Updated FCC Regulations for Non-Financial Misbehavior
FCA Extends Conduct Rules to Combat Workplace Misconduct in Non-Bank Firms
Starting September 2026, the Financial Conduct Authority (FCA) will extend its Code of Conduct Rules (COCON) to non-bank firms with Part 4A permissions, bringing approximately 37,000 additional regulated non-bank firms within scope. This move aims to address serious workplace issues like bullying, harassment, and violence in the financial sector.
The FCA's policy change follows strong industry and stakeholder support and responds to concerns about prevalent non-financial misconduct (NFM) such as sexual harassment and bullying in financial services. The new rules will make these issues explicit breaches of FCA conduct rules in covered firms.
However, entities without Part 4A permission, such as payment firms, e-money institutions, investment exchanges, and credit rating agencies, remain outside this scope, as the Senior Managers and Certification Regime (SMCR) does not apply to them.
The FCA has opened a consultation until 10 September 2025 on new Handbook guidance to assist SMCR firms in understanding and applying these conduct rules and the fitness and propriety standards (FIT). The FCA plans to finalize the guidance by the end of 2025, ahead of the rules coming into force on 1 September 2026.
The FCA has not removed the requirement for the misconduct to be "serious" under the new proposals. The misconduct must have had a significant negative effect to breach COCON. The proposed guidance clarifies that it does not expect firms to monitor employees' private lives, but firms can rely on formal findings such as criminal convictions when assessing whether wrongdoing has taken place in an employee's private life.
Managers must take reasonable steps to prevent NFM, failing which they can breach the Individual Conduct Rules (ICR) 2. Examples include failing to intervene to stop harassment, not taking complaints seriously, and not operating policies, systems, and controls to detect it.
The new rules cover unwanted conduct that violates a person's dignity, creates an intimidating, hostile, degrading, humiliating or offensive environment, or involves violent conduct.

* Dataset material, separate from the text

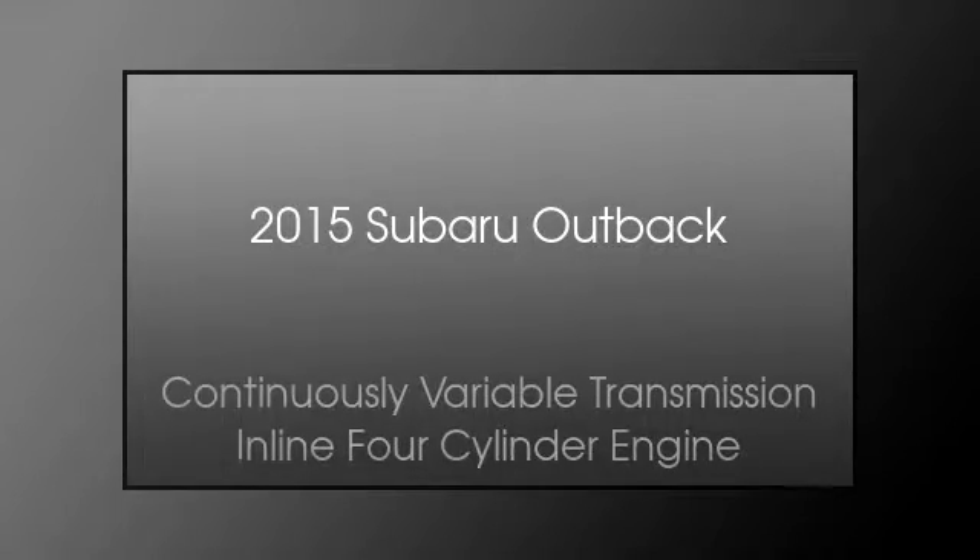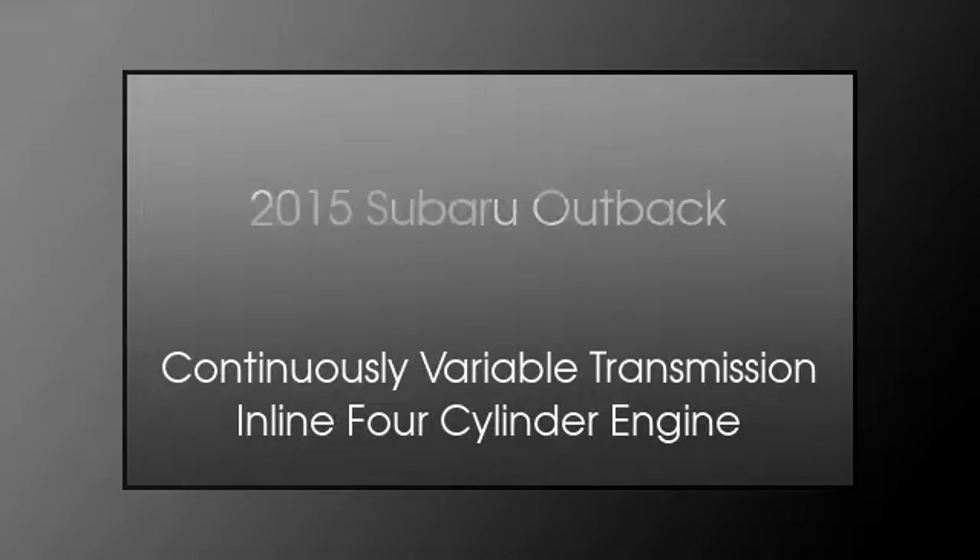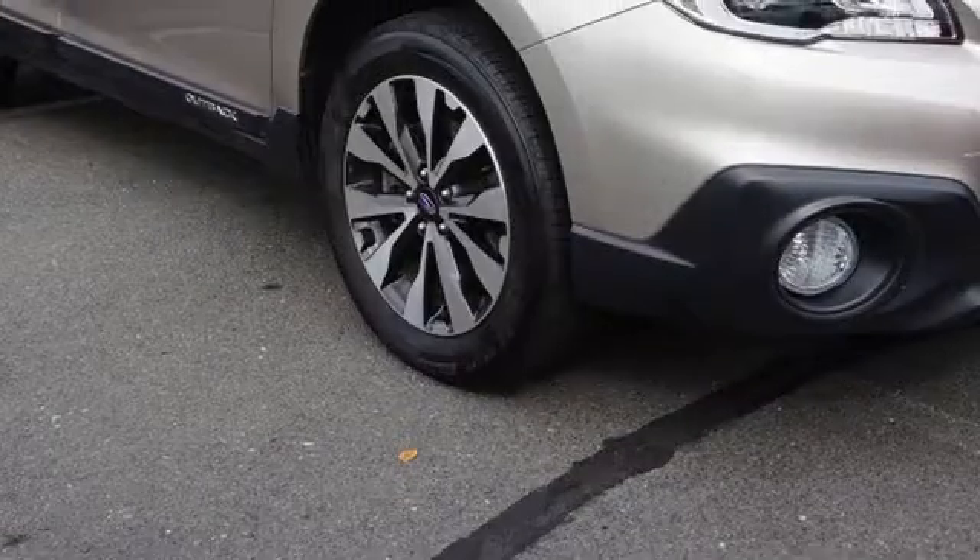This is a 2015 Subaru Outback. This wagon has a continuously variable transmission and an inline four-cylinder engine.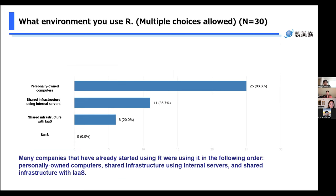This is Yuki and I will explain from this slide. The next question is: what environment do you use R in? This is a multiple choice question. Many companies have already started using R in their environment. Over 80% of companies answered personally owned computers, and over 30% answered shared infrastructure using internal servers. 20% of companies answered shared infrastructure with IRs. No companies use SaaS.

Conduct in an individual's private life may be relevant to fitness and propriety if it demonstrates a willingness to disregard ethical or legal obligations, abusing a position of trust, or exploiting vulnerabilities.
Social media activity may also be relevant to fitness and propriety. If social media activity indicates a real risk that the individual will breach requirements of the regulatory system, that will be relevant to their fitness and propriety.
It's important to note that not all misconduct for which a firm might take disciplinary action will amount to a breach of COCON. The FCA has clarified that the new rules explicitly apply to non-banks, but NFM can amount to a breach of COCON in any firm.
Firms should reconsider their policies and procedures for addressing NFM now, determining whether any enhancements may be necessary, and scheduling updates for after any guidance is published accordingly. The new rules do not come into force until September 2026, but firms should act to put themselves in the best possible position on the implementation date.
This policy change was confirmed in the FCA’s July 2025 policy statement CP25/18 and accompanying consultations, supported by authoritative legal and industry analyses ([1], [2], [3], [4], [5]).
- The extension of the Financial Conduct Authority's (FCA) Conduct Rules (COCON) to non-bank firms, starting in September 2026, is a part of the policy-and-legislation aimed at combating workplace misconduct in the financial sector, which includes issues like bullying, harassment, and violence.
- The FCA's policy change, announced in its July 2025 policy statement CP25/18, is a response to concerns about prevalent non-financial misconduct (NFM) such as sexual harassment and bullying in financial services, and is supported by strong industry and stakeholder support.
- The new FCA rules, scheduled to come into force on 1 September 2026, will affect various business sectors, including finance, as they make issues like NFM explicit breaches of FCA conduct rules in covered firms, broadening the scope of employment law and general-news topics.